TASK REQUIREMENTS = Restate word for word, and only, the lines that extend from the line containing "Couverture rouge roulée" through the end of the records below.

EXTRACTED DATA =
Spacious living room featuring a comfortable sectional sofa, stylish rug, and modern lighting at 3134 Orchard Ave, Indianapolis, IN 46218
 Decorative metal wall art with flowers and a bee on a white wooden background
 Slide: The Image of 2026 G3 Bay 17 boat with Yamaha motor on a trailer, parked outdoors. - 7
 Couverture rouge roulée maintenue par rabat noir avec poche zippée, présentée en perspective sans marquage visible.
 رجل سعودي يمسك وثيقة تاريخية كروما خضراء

ANSWER BOX =
 Couverture rouge roulée maintenue par rabat noir avec poche zippée, présentée en perspective sans marquage visible.
 رجل سعودي يمسك وثيقة تاريخية كروما خضراء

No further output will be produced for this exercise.